However, day-to-day application of working in film production is a whole other matter.
On a basic level, it's hard to find time for daily meditation when you are barely getting by on four hour's sleep.
The bigger problem, as I see it, is the culture of film. This is something I have thought about in the past, but kept coming to me during sesshin. When you are doing over 50 hours of meditating in a week, you think about a lot of things.
One of the oldest things I remember seeing when I moved from theater to film was the Seven Stages of Film Production. The inclusion in Michelle's blog tells us this still rules strongly today:
- Wild Enthusiasm
- Total Confusion
- Utter Despair
- Search for the Guilty
- Persecution of the Innocent
- Promotion of the Incompetent
- Distribution of T-Shirts
There is no need to explain any of that to anyone who has worked in film. Part of this is true because of the unpredictable nature of film production - weather, actors dropping lines, stunts and effects that need excruciating planning, traffic during company moves, and so many more.

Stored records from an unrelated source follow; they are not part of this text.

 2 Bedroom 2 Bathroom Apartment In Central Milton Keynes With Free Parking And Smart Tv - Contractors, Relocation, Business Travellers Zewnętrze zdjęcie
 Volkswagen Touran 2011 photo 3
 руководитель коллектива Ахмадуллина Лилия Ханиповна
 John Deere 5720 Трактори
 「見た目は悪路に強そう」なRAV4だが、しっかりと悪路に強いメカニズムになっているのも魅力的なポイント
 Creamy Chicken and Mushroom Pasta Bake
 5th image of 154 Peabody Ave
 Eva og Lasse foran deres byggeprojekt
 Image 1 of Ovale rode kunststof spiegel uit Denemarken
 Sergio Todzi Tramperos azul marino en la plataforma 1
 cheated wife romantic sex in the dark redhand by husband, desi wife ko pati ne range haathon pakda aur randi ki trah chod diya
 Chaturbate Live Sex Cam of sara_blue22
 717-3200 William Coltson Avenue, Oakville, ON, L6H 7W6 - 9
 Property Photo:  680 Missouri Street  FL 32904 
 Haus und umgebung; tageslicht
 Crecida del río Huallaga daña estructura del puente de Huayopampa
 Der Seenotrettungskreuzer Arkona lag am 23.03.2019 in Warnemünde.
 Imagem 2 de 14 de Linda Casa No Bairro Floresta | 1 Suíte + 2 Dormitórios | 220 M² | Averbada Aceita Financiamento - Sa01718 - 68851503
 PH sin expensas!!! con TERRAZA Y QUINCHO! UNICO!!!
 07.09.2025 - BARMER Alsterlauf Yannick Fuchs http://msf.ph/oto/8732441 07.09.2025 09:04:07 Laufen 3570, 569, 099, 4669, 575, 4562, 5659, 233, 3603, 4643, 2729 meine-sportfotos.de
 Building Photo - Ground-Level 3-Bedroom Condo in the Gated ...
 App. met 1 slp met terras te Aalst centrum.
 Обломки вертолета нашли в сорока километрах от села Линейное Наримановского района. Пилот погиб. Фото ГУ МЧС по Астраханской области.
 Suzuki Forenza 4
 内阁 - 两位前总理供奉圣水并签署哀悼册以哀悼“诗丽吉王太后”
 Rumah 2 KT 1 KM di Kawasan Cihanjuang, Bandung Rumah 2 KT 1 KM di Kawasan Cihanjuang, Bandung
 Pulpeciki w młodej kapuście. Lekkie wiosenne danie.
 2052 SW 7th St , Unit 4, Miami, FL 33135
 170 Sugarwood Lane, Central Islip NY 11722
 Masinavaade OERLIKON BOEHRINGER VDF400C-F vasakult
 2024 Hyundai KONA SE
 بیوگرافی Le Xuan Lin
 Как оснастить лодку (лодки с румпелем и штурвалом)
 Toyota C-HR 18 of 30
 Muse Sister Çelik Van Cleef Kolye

Part, though, is a culture of chaos that production thrives on, as the "stages" above suggest. It often seems that producers or directors are determined to eschew time-honored procedures that work for a different way to do things. I can't say how many times it felt like people involved looked at the way to do things that worked and said, "Let's do this instead!"
I'm not talking here about being creative on screen, but, rather, ignoring procedures that work. Yes, there needs to be flexibility, but some things work, and should only be shunned for good reasons Examples? Go to any one of dozens of posts in this - or most other - film production blog.
Just in recent weeks, I saw a writer/actor sabotage getting a $4.5 million film financed (one he has been trying to get done for four years) because he did not want to transfer the copyright to the production company, which is basic procedure* and done on every film.
There is a Sicilian expression I heard a lot as a kid referring to not "Biting Your Nose to Spite Your Face." **Basically, don't do harm to yourself just to do harm to others you don't like. But, in Rule # 4 (Search for the Guilty) above, I have often seen the the need to "blame" someone outweigh the more important priority - fixing the problem. This need some producers or directors have to assign blame poisons the morale of a crew and, from a practical matter, makes it harder to fix problems, because everyone is now in CYA*** mode and thus look to hide rather than correct problems.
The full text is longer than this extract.